Сам Минин не только отдал в общую казну все свои деньги, но и снял золотые оклады с икон у себя дома, принес и драгоценности жены.
Военным налогом были обложены не только горожане и смерды. Окрестные монастыри должны были внести деньги и зерно для ратных людей. В Нижний Новгород потянулись обозы с продовольствием из мордовских деревень. Сбор денег проводился и в селах, и в ближних к Нижнему городках.
Земские нижегородские власти сознавали, что успех затеянного ими дела во многом будет зависеть от выбора верховного полководца. Нижегородцы искали «честного мужа, кому ратное дело в обычай и который ни в какой измене не замешан».
По совету Горбатова, Кузьма Минин первым назвал на вече имя Дмитрия Пожарского. Нижегородский мирской сход поддержал его выбор.

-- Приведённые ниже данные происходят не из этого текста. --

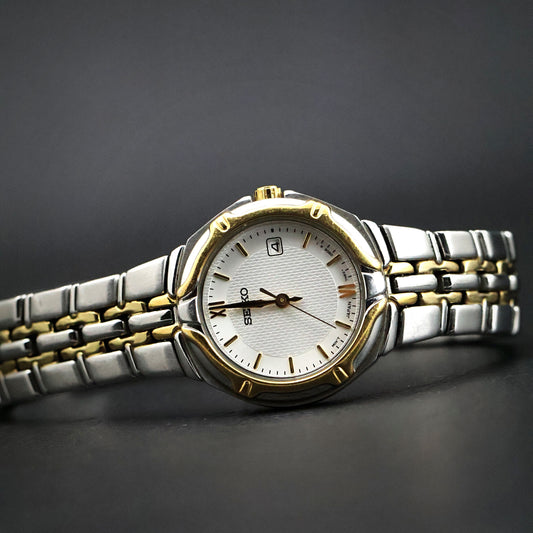 Seiko Two-Tone Scalloped Bezel with Date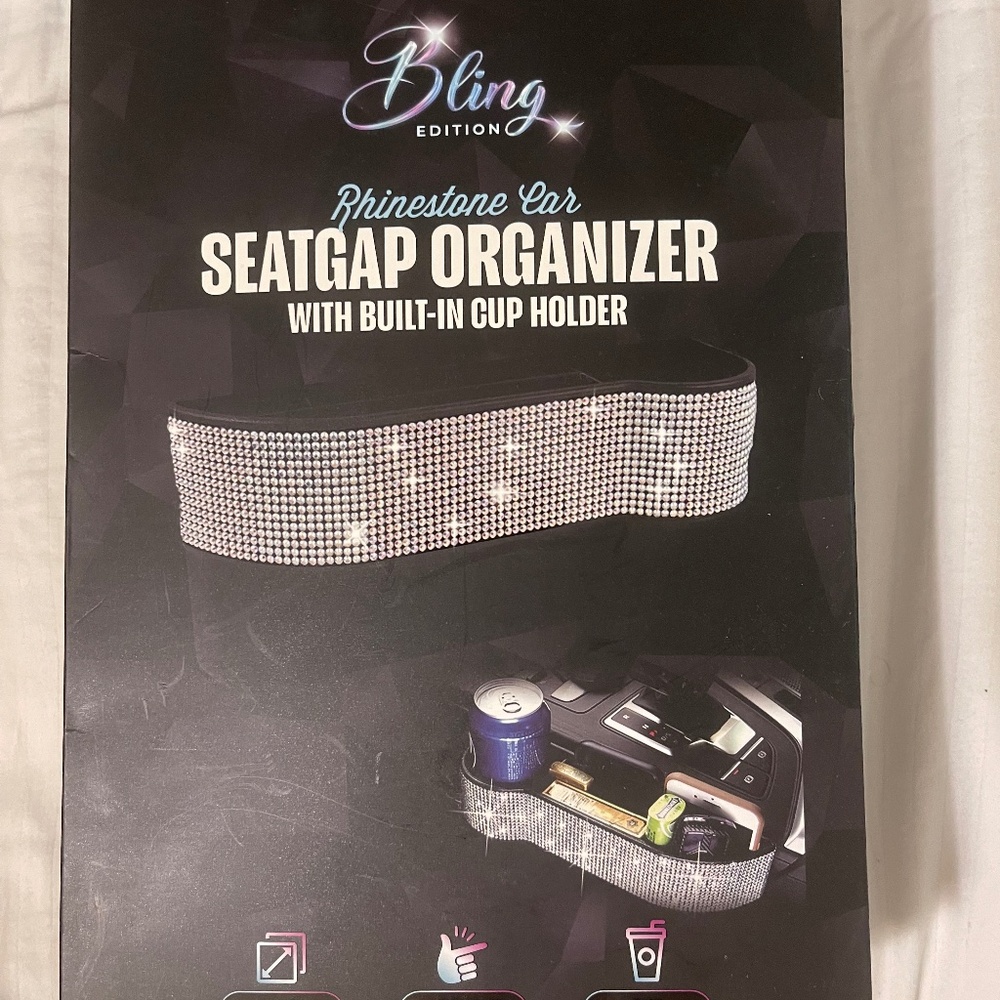 Premier Bling Rhinestone Car SEATGAP ORGANIZER WITH BUILT-IN CUP HOLDER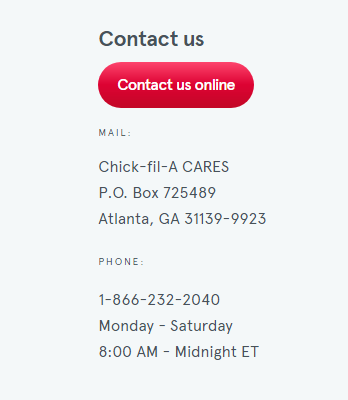 Chick fil A Survey Contact Details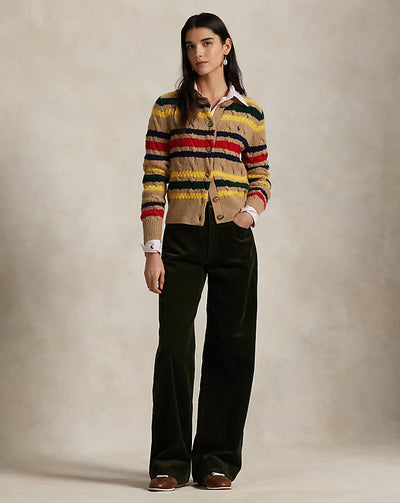 Ralph Lauren Wool+Cashmere Cardigan | Camel Multi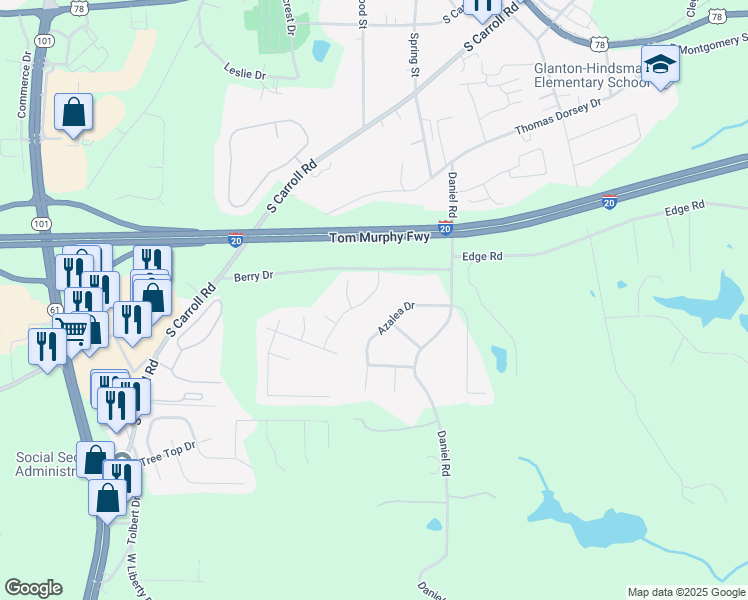 map of restaurants, bars, coffee shops, grocery stores, and more near 112 Ashbury Drive in Villa Rica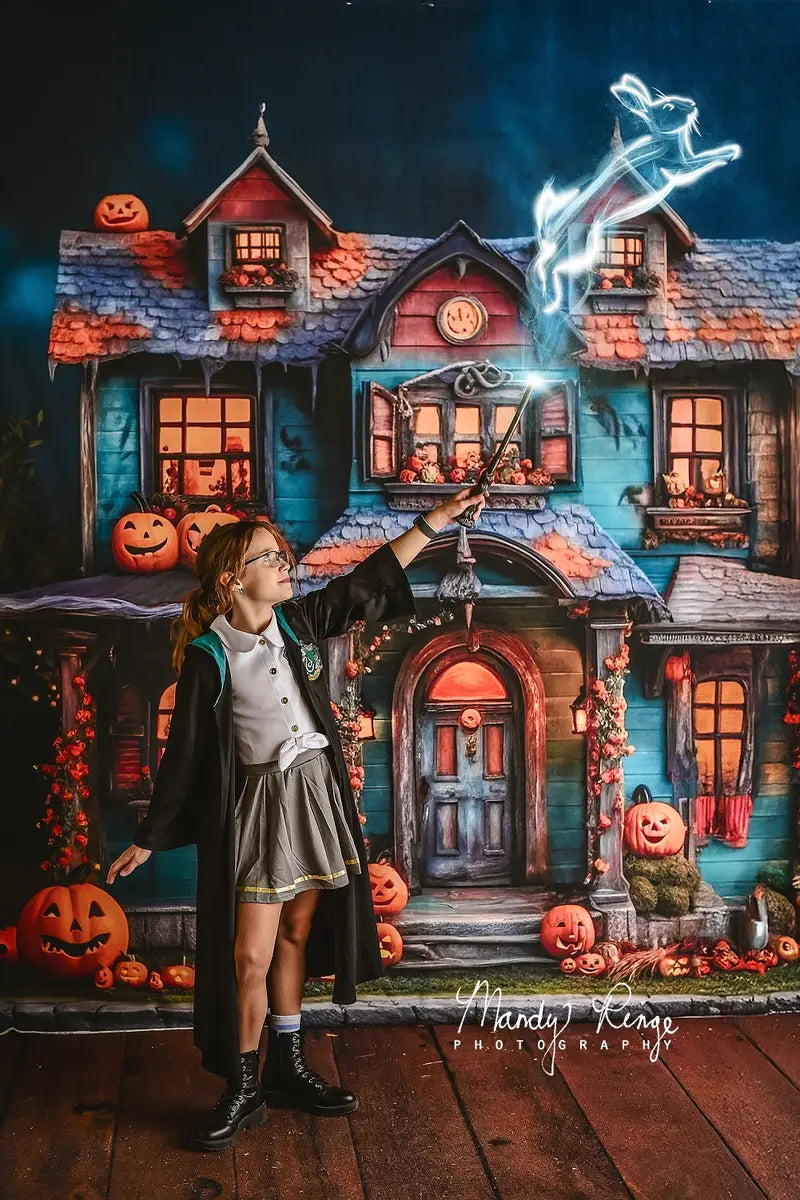 Kate Whimsical Halloween House Backdrop Designed by Mandy Ringe Photography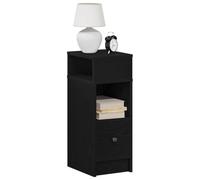Black Nightstand with Drawer 25x31x66 cm, Modern Bedside Table with Storage Shelf, Sturdy Engineered Wood, Compact Night Stand for Bedroom, Living Room, Office, Easy Assembly, Smooth Surface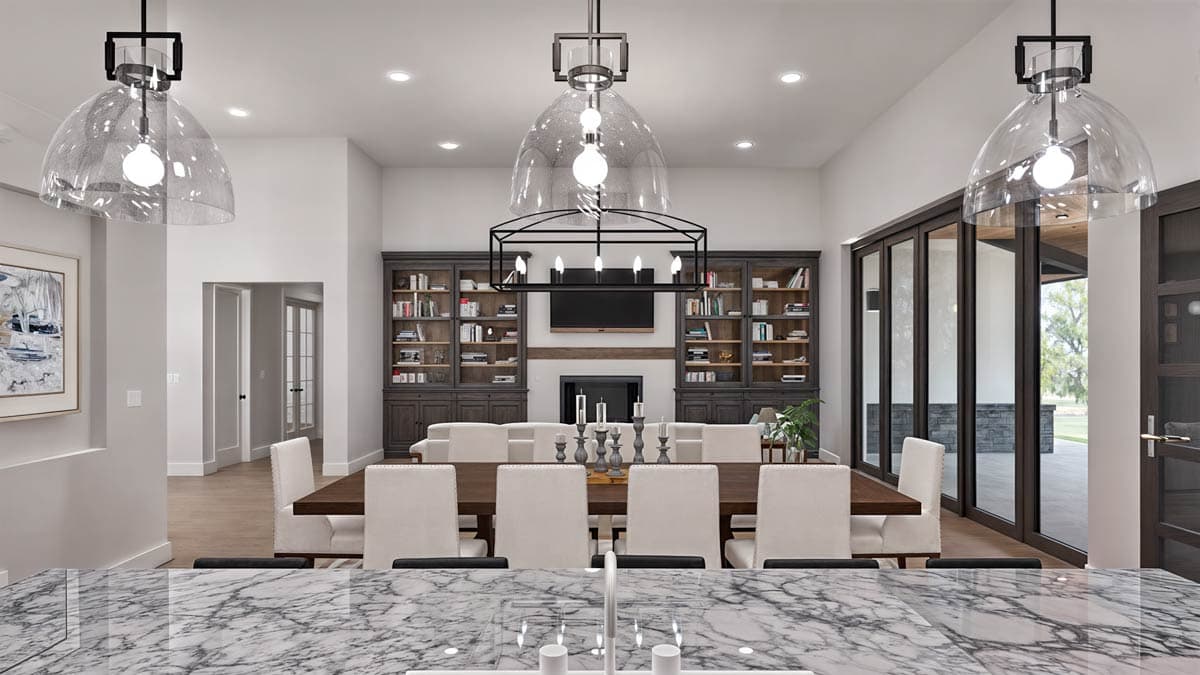 Plan 307725RAD: 4-Bed Modern Prairie House Plan with Media Room - 4339 Sq Ft - Image #11 - Modern, Prairie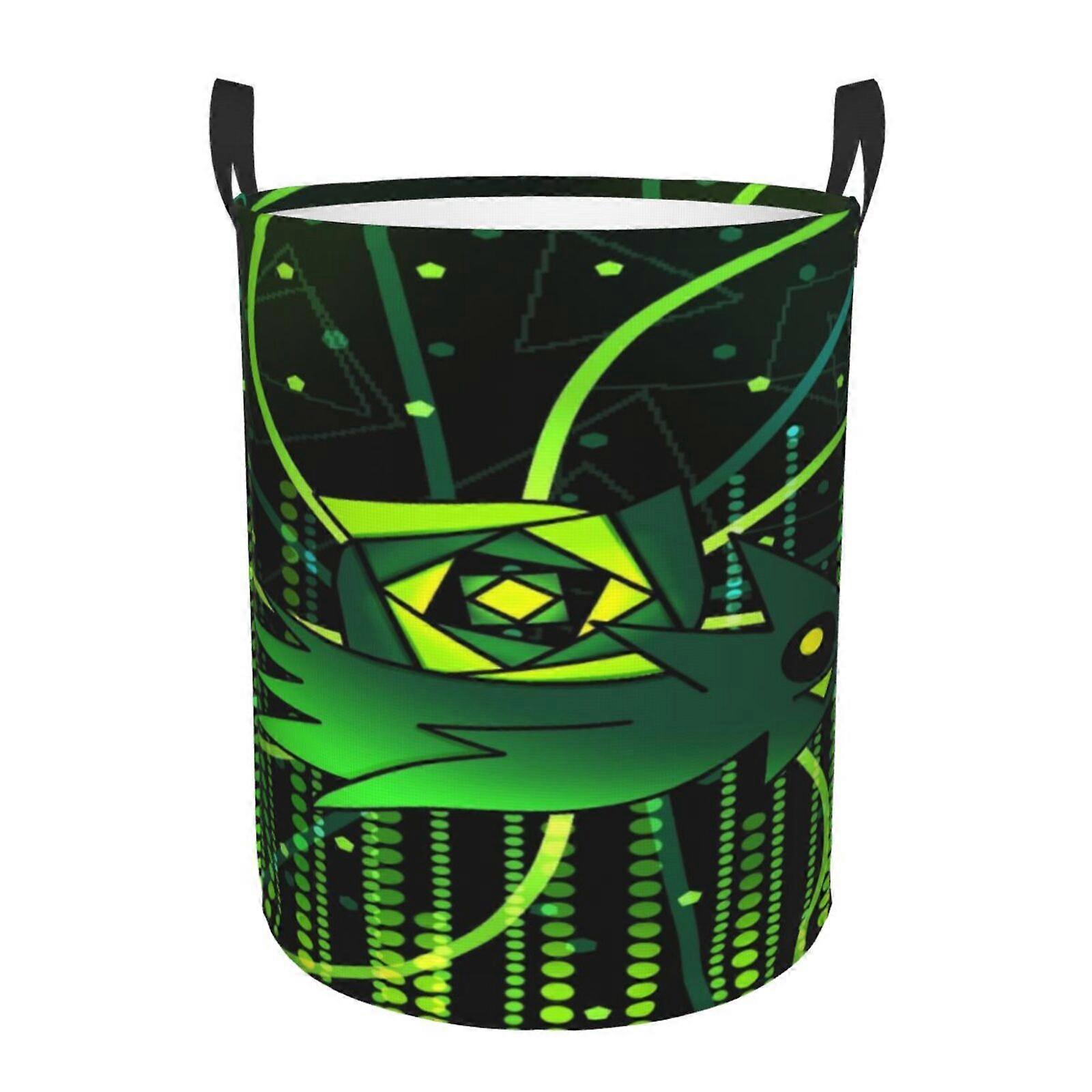 Geometry Dash 3d Graphic Flame Laundry Basket Fire Flame Clothes Hamper Storage With Handle-SYS27956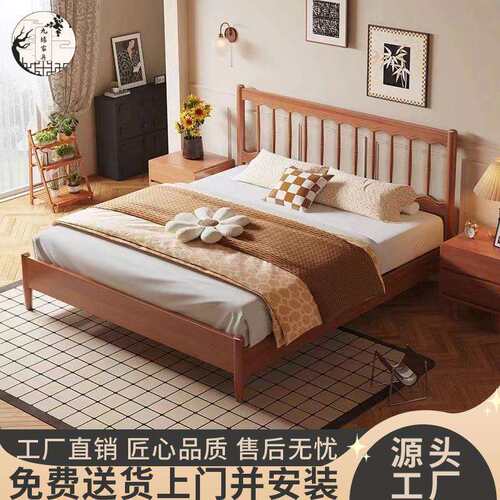 中古风全实木床主卧现代简约双人床法式怀旧复古风1.8m温莎大床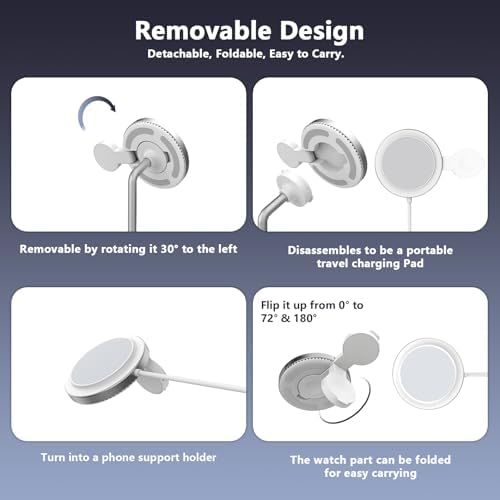 Mag Safe 2-in-1 Wireless Charging Station for i Phone and Apple Watch – Portable 15 W Fast Charger with Detachable Design, Foldable Travel Pad for i Phone 12-16 Series – Sleek Black Finish for Enhanced Compatibility and Efficient Power Boosts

К тому времени лекарь Иона уже поставил князя Пожарского на ноги. По первому снегу Пожарский перебрался из Троице-Сергиевой обители в свое родовое поместье Мугреево, расположенное в ста верстах от Нижнего Новгорода. Туда отправляется нижегородское посольство просить князя возглавить новое ополчение. Поначалу Пожарский не дал послам определенного ответа, взяв время на раздумье. Но нижегородцы упорны. Второй раз едет посольство в Мугреево во главе с самим Кузьмой Мининым. И снова Пожарский отказывается принять войско, сославшись на нездоровье. Третий раз едут нижегородцы в Мугреево и все-таки получают согласие князя. При этом Пожарский поставил условие назначить ему в помощники старосту Минина в должности войскового казначея. Нижегородцы приняли условие Пожарского.